Ces pertes sont dues aux masses de liquidités que les banques centrales ont dû créer pour surmonter les crises financière de 2007-2008 puis sanitaire de 2020, en les prêtant aux banques à des taux très bas, voire négatifs, ou en achetant des titres dans le cadre des programmes d’assouplissement quantitatif. Les banques commerciales ont accumulé ces liquidités sous forme de réserves à la banque centrale. Actuellement, celles de la zone euro disposent encore de 4 173 milliards d’euros de réserves sur leurs comptes courants à la Banque centrale européenne (BCE), composées pour une petite part de réserves obligatoires (155 milliards) et, pour le reste, de « facilités de dépôt », que la banque centrale rémunère.
En réponse à l’inflation, la BCE, comme les autres banques centrales, a relevé ses taux directeurs, qui sont précisément ceux auxquels elle prête aux banques et rémunère leurs dépôts mis en réserve. Ainsi, les liquidités que les banques ont empruntées à la BCE à un taux nul voire négatif jusqu’à mi-2022 leur rapportent désormais 3 % pour les facilités de dépôt et 3,5 % pour les réserves obligatoires. Soit environ 125 milliards d’intérêts par an payés par la BCE.

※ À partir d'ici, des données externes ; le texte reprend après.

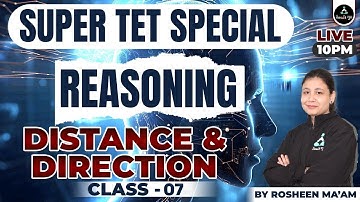 Class-7 | Distance & Direction | P-2 | Reasoning | SUPER TET Special 2023 | Rosheen Mam |Result Guru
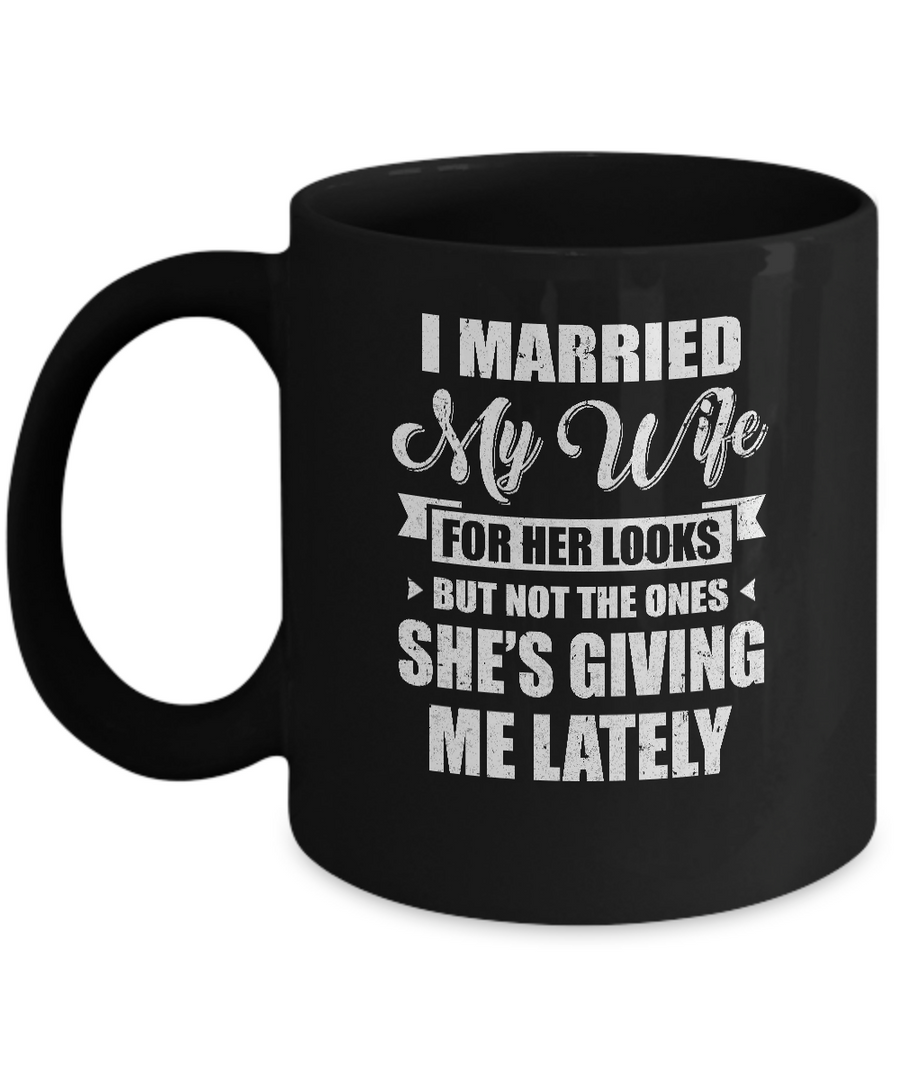 I Married My Wife For Her Looks Funny Husband Mug-Coffee Mug-11oz Mug-Black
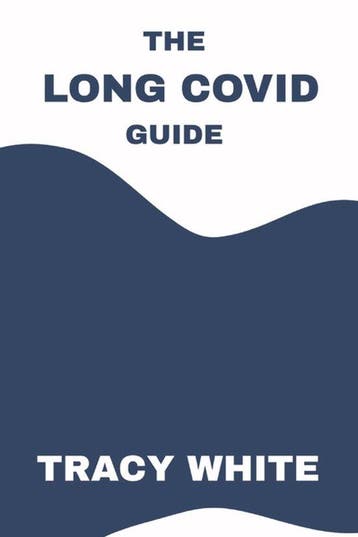 9798257625091 The Long Covid Guide Tracy White, Verzenden, Nieuw, Tracy White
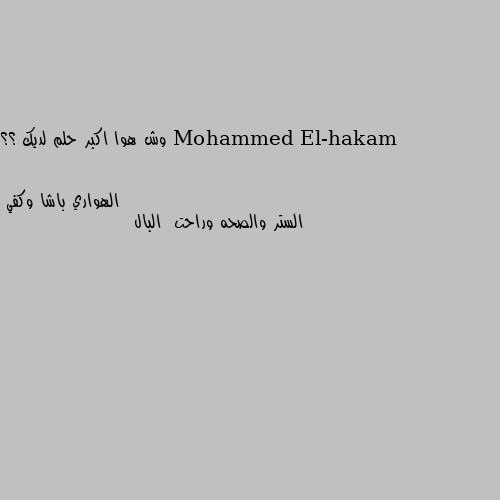 وش هوا اكبر حلم لديك ؟؟ الستر والصحه وراحت  البال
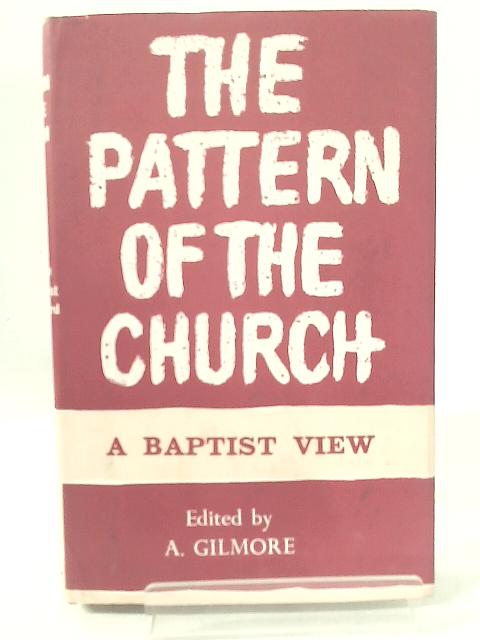 The Pattern of the Church: A Baptist View By Alec Gilmore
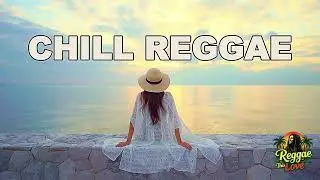 Relaxing Reggae Songs 🌴 Chill Feel Good Playlist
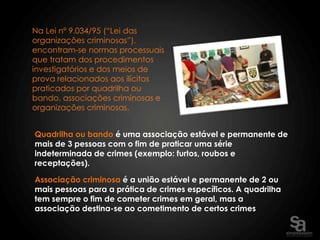 Na Lei nº 9.034/95 (“Lei das
organizações criminosas”),
encontram-se normas processuais
que tratam dos procedimentos
investigatórios e dos meios de
prova relacionados aos ilícitos
praticados por quadrilha ou
bando, associações criminosas e
organizações criminosas.


Quadrilha ou bando é uma associação estável e permanente de
mais de 3 pessoas com o fim de praticar uma série
indeterminada de crimes (exemplo: furtos, roubos e
receptações).

Associação criminosa é a união estável e permanente de 2 ou
mais pessoas para a prática de crimes específicos. A quadrilha
tem sempre o fim de cometer crimes em geral, mas a
associação destina-se ao cometimento de certos crimes
 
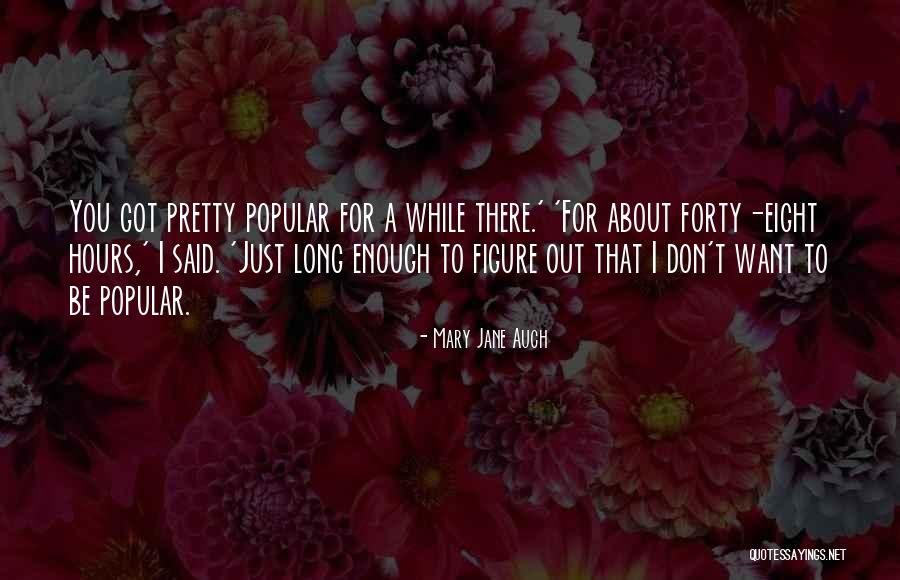 Allishia Soldani Quotes By Mary Jane Auch Allishia Soldani Quotes By Mary Jane Auch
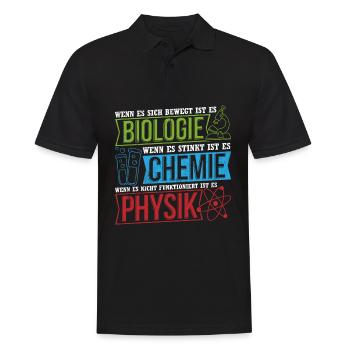 Wenn Es Sich Bewegt Ist Es Biologie Chemie Physik - Männer Poloshirt - Schwarz - Vorne - Kai (181cm)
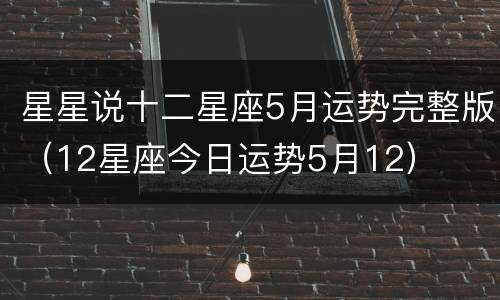 星星说十二星座5月运势完整版（12星座今日运势5月12）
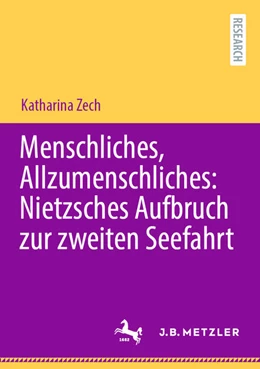 Abbildung von Zech | Menschliches, Allzumenschliches: Nietzsches Aufbruch zur zweiten Seefahrt | 1. Auflage | 2025 | beck-shop.de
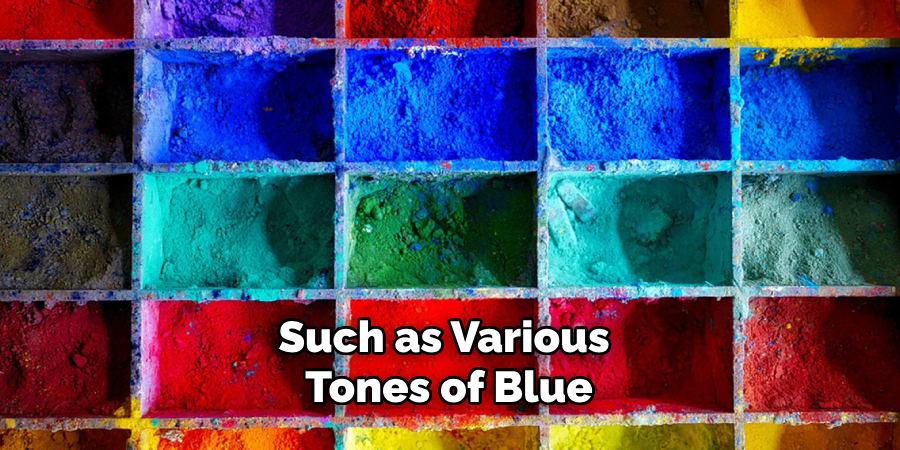 Such as Various Tones of Blue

Cependant, les banques de la zone euro ont moins besoin de liquidités, les taux ayant augmenté et elles ayant remboursé une partie de leurs anciens emprunts. Elles ont donc réduit de près de la moitié l’encours de leurs emprunts à la BCE par rapport à 2021. Cela signifie que la BCE verse désormais beaucoup plus d’intérêts aux banques qu’elle n’en reçoit. Cela explique les pertes importantes pouvant atteindre jusqu’à 600 milliards d’euros pour l’Eurosystème, selon Daniel Gros, membre du directoire du Centre for European Policy Studies, cité par le Financial Times.
Cela soulève une question importante : est-il juste qu’une banque centrale doive payer pour un service (de liquidité) qu’elle fournit aux banques ? C’est une pratique qui a été instaurée par la Bundesbank allemande avant l’entrée en fonction de la BCE en 1999. Avant cela, la plupart des banques centrales nationales ne le faisaient pas. La Réserve fédérale américaine ne l’a commencé qu’en 2008. Cette situation peut être vue comme une subvention indue aux banques commerciales, au détriment des États, qui devraient normalement percevoir les revenus issus de la création monétaire par la banque centrale (le « seigneuriage »), étant donné que la plupart des banques centrales nationales de la zone euro ont l’État comme actionnaire.
En conclusion, bien que les pertes des banques centrales ne soient pas à dramatiser, il est important de se demander à qui elles profitent. La question des intérêts payés par les banques centrales aux banques commerciales pose la question de l’équité et de la transparence dans notre système économique et financier.